------ Entries supplied
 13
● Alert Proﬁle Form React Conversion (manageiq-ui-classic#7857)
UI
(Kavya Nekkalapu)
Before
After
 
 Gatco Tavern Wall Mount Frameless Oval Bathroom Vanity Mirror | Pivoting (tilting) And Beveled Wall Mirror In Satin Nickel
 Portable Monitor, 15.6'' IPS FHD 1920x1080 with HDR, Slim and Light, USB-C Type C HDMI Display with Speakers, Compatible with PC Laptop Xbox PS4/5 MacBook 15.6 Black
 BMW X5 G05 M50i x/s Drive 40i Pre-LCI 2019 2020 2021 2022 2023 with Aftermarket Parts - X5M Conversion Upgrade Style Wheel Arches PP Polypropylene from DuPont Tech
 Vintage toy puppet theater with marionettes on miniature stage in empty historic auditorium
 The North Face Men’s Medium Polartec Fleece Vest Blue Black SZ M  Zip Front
------------
------ Entries supplied
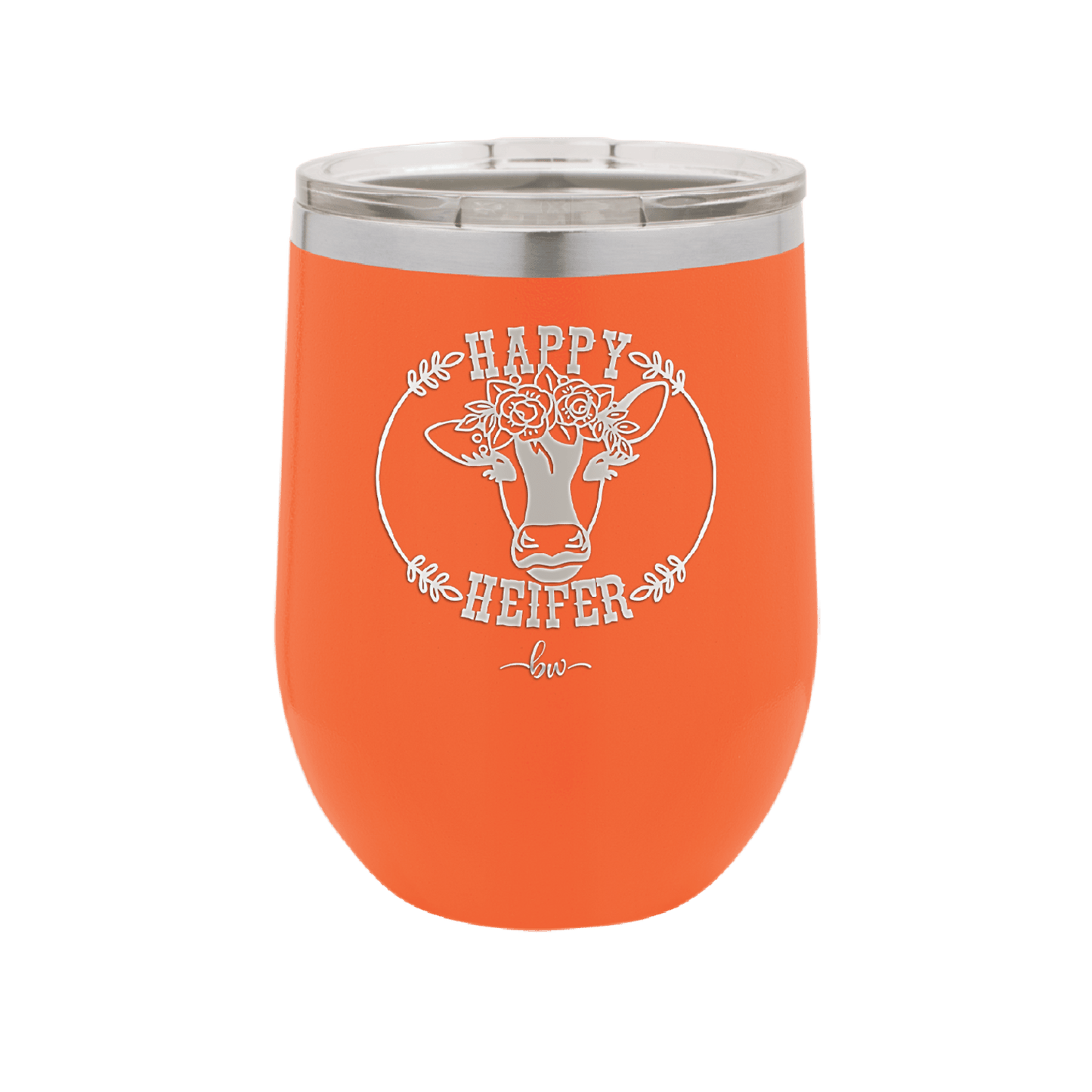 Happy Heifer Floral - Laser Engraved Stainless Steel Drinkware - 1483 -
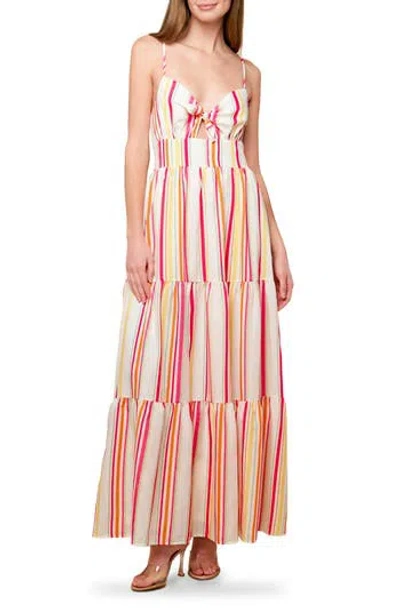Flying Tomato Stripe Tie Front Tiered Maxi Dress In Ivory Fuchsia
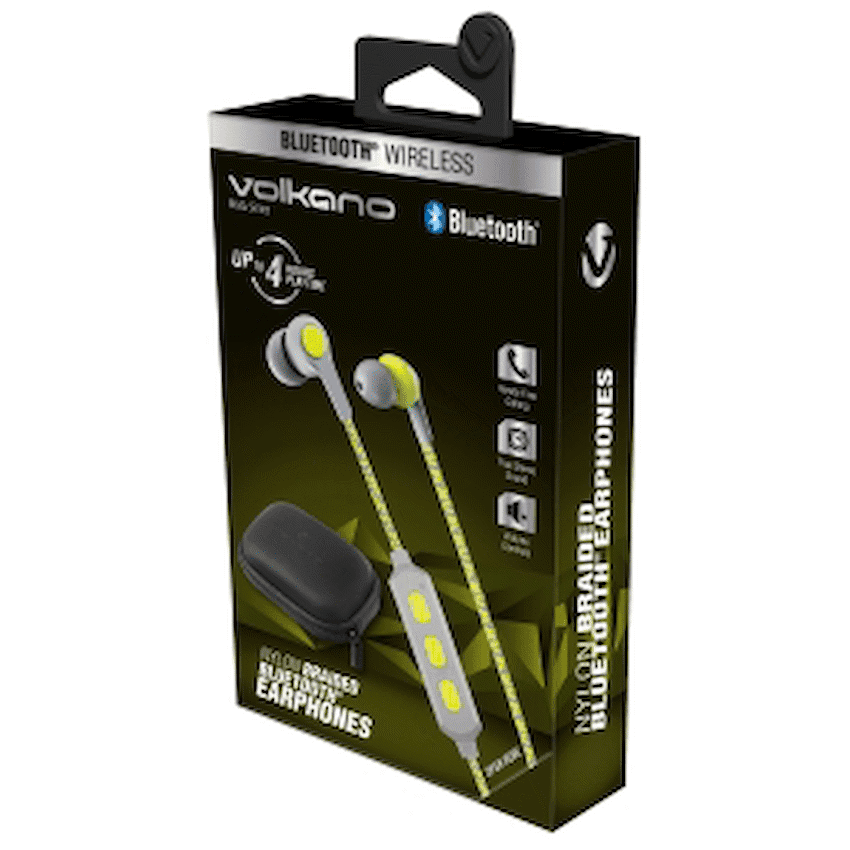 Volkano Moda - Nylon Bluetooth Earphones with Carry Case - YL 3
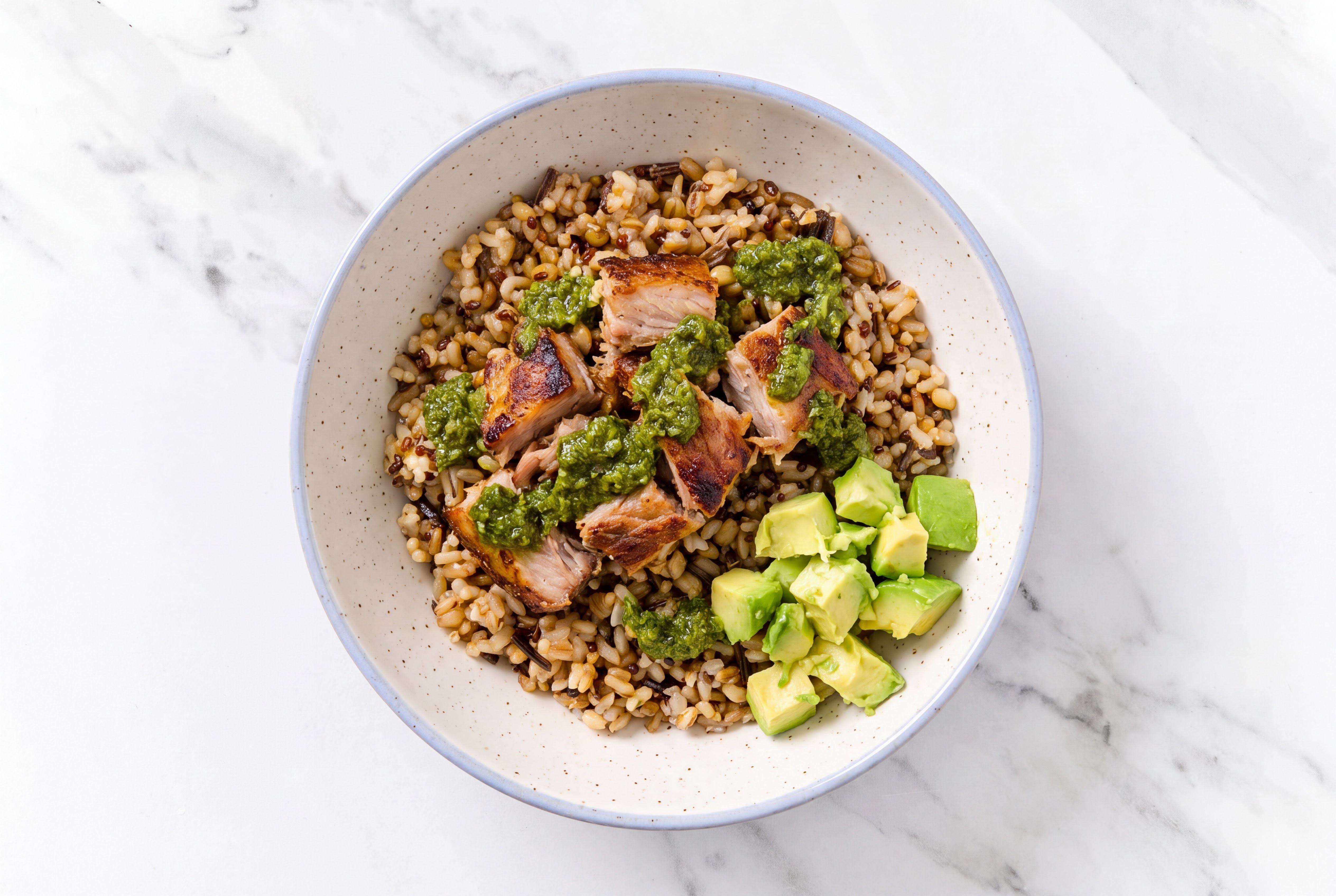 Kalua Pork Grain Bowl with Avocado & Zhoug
------------
Only the number is wanted: how many lines in the preceding entries hold the string "Conversion"?

2